Über dem Kopf schweben Schreibtisch, Bett und Stuhl, sogar das Klo hängt von der Decke: Polnische Bauherren haben auf Usedom ein Kopfüber-Haus errichtet. Jeder kann vorbeischauen. Hier ist alles verkehrt herum und schräg - nur fließendes Wasser gibt es nicht.


Trassenheide - Schon der erste Schritt durch die Tür des Hauses stiftet Verwirrung. Kein Flur, keine Garderobe, sondern ein Kinderzimmer erwartet den Gast des "Kopfüber-Hauses" in Trassenheide auf Usedom. Hier steht das gesamte Mobiliar Kopf - selbst Puppen und Feuerwehrauto in der Spielecke hängen an der "Decke". Zwei Unternehmer aus Polen haben das absurde Gebäude auf der Ostsee-Insel gebaut.
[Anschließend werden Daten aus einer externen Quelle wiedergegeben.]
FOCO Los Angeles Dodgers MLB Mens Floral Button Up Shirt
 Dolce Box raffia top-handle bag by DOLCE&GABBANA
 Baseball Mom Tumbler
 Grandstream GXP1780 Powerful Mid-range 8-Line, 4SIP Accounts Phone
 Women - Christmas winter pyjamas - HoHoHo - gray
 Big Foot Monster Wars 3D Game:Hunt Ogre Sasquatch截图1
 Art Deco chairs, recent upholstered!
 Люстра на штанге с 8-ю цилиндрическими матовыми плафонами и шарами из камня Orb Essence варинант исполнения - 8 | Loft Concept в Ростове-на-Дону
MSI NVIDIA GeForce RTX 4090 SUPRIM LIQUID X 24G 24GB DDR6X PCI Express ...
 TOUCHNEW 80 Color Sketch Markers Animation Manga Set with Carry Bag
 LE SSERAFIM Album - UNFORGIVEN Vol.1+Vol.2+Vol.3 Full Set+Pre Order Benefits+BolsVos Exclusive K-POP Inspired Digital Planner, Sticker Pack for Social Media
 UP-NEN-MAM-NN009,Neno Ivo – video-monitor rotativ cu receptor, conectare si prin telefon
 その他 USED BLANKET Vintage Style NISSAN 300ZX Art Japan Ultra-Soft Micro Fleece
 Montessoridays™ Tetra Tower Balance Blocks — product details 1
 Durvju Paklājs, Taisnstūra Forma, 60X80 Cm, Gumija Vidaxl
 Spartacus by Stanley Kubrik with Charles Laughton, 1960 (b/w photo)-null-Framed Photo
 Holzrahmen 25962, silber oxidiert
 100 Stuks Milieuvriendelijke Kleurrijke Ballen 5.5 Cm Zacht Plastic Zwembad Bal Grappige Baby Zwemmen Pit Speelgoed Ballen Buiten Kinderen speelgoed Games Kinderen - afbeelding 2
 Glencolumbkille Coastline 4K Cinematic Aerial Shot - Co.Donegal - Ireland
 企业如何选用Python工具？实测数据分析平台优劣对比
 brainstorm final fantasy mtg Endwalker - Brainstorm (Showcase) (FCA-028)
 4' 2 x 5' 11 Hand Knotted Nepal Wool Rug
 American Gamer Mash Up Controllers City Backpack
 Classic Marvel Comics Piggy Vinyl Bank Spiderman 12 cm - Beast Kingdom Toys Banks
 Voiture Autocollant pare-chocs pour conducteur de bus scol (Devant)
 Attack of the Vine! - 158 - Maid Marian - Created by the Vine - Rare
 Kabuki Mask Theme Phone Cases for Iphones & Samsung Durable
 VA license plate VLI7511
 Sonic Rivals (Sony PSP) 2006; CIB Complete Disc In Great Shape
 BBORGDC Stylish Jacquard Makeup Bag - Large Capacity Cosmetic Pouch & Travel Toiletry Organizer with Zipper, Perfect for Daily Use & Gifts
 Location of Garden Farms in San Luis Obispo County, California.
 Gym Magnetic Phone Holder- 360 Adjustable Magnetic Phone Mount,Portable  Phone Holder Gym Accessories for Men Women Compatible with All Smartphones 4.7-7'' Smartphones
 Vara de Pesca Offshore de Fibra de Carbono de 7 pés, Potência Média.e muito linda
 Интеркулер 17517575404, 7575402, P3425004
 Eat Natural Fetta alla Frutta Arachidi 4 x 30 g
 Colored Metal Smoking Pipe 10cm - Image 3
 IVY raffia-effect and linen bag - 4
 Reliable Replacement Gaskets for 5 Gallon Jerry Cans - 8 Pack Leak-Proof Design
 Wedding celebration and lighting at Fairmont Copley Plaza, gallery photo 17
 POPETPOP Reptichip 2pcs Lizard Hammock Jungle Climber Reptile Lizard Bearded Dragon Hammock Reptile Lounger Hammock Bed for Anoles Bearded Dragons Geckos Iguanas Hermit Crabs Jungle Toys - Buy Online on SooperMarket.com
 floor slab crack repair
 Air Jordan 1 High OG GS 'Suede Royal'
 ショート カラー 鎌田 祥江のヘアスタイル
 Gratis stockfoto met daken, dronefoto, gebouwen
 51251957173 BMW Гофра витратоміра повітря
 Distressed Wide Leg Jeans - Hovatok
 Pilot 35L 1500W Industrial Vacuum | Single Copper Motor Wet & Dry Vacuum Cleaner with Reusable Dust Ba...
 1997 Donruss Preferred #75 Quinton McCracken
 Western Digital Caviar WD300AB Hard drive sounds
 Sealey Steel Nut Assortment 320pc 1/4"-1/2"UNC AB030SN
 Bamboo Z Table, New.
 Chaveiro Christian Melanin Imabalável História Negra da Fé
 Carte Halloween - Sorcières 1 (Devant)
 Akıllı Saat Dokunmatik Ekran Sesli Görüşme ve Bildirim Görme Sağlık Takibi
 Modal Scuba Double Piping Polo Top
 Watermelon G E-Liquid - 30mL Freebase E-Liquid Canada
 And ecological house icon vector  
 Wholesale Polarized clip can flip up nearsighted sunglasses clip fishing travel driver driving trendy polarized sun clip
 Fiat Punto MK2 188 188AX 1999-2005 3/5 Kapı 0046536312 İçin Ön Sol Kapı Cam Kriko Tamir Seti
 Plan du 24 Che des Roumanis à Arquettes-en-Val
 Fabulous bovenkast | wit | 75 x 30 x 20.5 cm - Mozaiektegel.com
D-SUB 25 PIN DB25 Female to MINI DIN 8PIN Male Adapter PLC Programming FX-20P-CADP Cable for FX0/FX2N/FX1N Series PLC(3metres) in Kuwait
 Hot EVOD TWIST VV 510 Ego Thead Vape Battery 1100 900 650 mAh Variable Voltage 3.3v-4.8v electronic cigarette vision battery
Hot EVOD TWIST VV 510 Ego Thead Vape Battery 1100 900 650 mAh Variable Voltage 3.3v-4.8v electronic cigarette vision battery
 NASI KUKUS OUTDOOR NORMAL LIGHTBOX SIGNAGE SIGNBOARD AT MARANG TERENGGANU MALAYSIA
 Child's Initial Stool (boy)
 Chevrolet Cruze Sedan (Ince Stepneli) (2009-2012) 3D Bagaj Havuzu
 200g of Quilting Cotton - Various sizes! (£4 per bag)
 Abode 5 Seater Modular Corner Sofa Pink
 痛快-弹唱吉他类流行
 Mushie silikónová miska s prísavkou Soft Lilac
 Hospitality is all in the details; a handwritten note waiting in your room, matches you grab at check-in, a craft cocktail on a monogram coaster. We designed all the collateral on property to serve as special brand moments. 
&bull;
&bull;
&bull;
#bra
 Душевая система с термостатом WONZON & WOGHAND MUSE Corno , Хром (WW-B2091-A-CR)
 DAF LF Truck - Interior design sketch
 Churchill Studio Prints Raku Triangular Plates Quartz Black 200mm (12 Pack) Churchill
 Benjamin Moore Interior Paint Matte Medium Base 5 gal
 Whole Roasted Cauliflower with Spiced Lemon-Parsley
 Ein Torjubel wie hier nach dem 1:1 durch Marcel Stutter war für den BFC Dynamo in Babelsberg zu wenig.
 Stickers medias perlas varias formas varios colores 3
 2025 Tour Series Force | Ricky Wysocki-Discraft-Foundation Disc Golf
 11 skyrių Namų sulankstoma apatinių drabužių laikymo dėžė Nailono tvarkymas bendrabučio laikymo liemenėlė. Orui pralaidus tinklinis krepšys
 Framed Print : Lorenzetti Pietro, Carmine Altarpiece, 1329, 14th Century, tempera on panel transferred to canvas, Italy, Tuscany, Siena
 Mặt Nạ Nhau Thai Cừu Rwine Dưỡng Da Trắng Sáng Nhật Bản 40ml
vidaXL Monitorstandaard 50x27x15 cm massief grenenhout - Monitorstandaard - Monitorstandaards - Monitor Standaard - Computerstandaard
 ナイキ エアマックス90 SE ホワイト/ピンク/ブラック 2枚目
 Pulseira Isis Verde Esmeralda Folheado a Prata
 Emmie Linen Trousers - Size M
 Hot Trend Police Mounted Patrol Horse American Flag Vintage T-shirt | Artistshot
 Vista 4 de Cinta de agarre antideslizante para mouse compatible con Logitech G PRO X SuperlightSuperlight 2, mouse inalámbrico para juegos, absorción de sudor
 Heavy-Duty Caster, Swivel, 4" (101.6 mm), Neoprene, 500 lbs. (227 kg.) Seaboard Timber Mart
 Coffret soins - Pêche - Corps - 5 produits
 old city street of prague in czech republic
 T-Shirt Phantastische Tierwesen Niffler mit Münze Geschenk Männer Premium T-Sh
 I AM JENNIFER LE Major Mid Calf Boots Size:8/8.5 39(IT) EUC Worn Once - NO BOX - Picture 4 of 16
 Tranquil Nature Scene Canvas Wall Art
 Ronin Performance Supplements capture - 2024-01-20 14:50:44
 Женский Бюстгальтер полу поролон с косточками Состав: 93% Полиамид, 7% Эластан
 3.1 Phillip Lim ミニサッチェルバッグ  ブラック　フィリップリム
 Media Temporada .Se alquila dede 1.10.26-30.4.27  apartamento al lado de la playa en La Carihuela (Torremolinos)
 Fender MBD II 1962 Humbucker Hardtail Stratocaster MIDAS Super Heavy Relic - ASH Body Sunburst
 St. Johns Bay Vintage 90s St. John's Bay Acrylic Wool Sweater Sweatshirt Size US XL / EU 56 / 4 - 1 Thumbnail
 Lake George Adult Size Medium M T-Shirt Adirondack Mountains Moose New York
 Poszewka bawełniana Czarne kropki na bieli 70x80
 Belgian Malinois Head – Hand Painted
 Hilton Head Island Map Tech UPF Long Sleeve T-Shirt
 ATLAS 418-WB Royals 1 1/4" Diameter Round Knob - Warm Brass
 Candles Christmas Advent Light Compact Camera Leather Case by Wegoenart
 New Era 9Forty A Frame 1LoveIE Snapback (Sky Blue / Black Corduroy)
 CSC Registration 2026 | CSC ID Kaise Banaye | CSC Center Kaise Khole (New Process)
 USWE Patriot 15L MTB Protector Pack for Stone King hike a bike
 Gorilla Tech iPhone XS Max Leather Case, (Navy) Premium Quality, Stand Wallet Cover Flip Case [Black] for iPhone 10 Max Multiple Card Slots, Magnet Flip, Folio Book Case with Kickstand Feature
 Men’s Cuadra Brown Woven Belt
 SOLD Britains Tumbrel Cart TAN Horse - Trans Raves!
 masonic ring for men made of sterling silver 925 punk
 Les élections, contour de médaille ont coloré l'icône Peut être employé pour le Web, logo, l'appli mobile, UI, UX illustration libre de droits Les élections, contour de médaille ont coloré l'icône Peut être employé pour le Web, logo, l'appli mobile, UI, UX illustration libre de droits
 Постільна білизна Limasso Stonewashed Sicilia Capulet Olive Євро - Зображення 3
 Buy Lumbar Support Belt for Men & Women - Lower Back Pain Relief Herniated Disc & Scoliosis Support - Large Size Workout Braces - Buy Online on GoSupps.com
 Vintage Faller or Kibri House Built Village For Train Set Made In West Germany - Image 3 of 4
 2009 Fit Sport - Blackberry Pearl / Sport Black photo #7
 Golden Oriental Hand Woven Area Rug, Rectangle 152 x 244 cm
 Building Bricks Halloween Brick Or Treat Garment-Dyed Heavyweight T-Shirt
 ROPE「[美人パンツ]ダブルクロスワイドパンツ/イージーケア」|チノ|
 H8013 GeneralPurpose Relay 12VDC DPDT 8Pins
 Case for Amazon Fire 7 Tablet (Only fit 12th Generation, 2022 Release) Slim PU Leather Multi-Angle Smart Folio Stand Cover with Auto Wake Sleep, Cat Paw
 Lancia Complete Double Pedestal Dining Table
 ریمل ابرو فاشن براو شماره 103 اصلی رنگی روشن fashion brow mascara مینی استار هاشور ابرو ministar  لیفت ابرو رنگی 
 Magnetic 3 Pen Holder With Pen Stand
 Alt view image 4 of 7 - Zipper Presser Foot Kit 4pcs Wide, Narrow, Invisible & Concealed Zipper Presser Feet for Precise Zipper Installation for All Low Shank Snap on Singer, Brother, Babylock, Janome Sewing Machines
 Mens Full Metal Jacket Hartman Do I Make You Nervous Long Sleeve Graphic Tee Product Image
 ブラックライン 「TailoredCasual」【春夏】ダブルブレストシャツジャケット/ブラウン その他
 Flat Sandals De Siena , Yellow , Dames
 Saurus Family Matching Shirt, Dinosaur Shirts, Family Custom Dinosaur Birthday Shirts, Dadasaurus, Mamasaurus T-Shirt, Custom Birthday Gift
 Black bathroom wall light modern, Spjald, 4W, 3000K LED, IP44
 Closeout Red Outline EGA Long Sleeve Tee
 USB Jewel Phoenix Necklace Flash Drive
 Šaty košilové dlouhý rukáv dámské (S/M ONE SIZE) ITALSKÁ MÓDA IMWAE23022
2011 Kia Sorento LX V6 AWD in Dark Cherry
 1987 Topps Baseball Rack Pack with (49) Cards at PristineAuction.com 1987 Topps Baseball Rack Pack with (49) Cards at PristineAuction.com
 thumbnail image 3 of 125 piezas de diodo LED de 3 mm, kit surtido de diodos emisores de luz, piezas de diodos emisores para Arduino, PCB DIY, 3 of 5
Von diesem Donnerstag an ist es zur Besichtigung freigegeben.

In dem liebevoll eingerichteten Heim herrscht nahezu komplett verkehrte Welt. Selbst die Toilette im Bad wurde verkehrt herum installiert. Nur die Treppen seien korrekt eingebaut worden, um den Gästen Zugang zum Erdgeschoss zu ermöglichen, sagt Bauherr Klausdiusz Golos. Weil aber das Haus auch noch schief gebaut wurde und ein Gefälle von sechs Prozent hat, erscheint dem um sein Gleichgewicht gebrachten Gast selbst der Gang über die waagerecht installierten Treppen abenteuerlich.

Mit Klebstoff gegen die Schwerkraft

"Unsere Handwerker haben ständig improvisieren müssen", sagt der 33-jährige Pole, der mit Geschäftspartner Sebastian Mikiciuk die Ausstellungsfirma Edutainment gründete und in dem Seebad für rund 300.000 Euro Deutschlands erstes Kopfüber-Haus errichten ließ. So habe man die handelsüblichen Küchenmöbel umbauen und zum Beispiel die Führungsschienen für die Schubfächer verändern müssen. Auch das Fliesen des Fußbodens kopfüber habe den Experten Schwierigkeiten bereitet. Die Möbel und sogar das Fernsehgerät seien mit Schrauben an der Decke angebracht worden. Mit Klebstoff wurde die Schwerkraft überwunden und Bilder, Blumenvasen und sogar Geschirr absturzgefährdet in Szene gesetzt. Bettzeug, Sofakissen und Handtücher mussten angenäht werden.

Wie andere Häuser verfügt auch der schräge Bau in Trassenheide über Stromanschluss, Heizung und Klimaanlage. Nur auf einen Wasseranschluss verzichteten die Bauherren. "Die Dachrinnen haben wir verkehrt herum am Dach anbringen, zugleich aber ein nicht sichtbares Entsorgungssystem für das Regenwasser installieren lassen", sagt Golos. Für den Besucher nicht erkennbar ist auch das in den Wänden versteckte Stahlgerüst, das dem auf einem Spitzdach stehenden Haus auch bei heftigem Sturm Stabilität geben soll.

Bauamt drückte beide Augen zu

Auf die ungewöhnliche Idee kamen Golos und Mikiciuk vor einem Jahr, als sie in Orlando (USA) ein vergleichbares Objekt besichtigt hatten. Weitere Anregungen lieferten illustre Architekturbauten in Polen, Neuseeland und Frankreich. Der Urlaubsort Trassenheide unterstützte schnell und unbürokratisch das Vorhaben, das schon vor seiner Eröffnung Heerscharen fotografierender Neugieriger anlockt. Die Bauherren erwarten pro Jahr 40.000 bis 50.000 Besucher.

Die Bauaufsicht verzichtete bei dem "Kopfüber-Haus" auf die übliche Abnahme. Das Bauwerk kann künftig zum Eintrittspreis von sechs Euro besichtigt werden. Kinder erhalten zum ermäßigten Preis Zugang. Im kommenden Jahr wollen die Initiatoren zu ganz speziellen Veranstaltungen in ihr Ausnahme-Haus einladen. "Wir denken da zum Beispiel an Hausbegehungen im Handstand oder an einen 'Kochkurs andersherum'", verrät Golos, der bereits den Bau weiterer Häuser in Deutschland plant.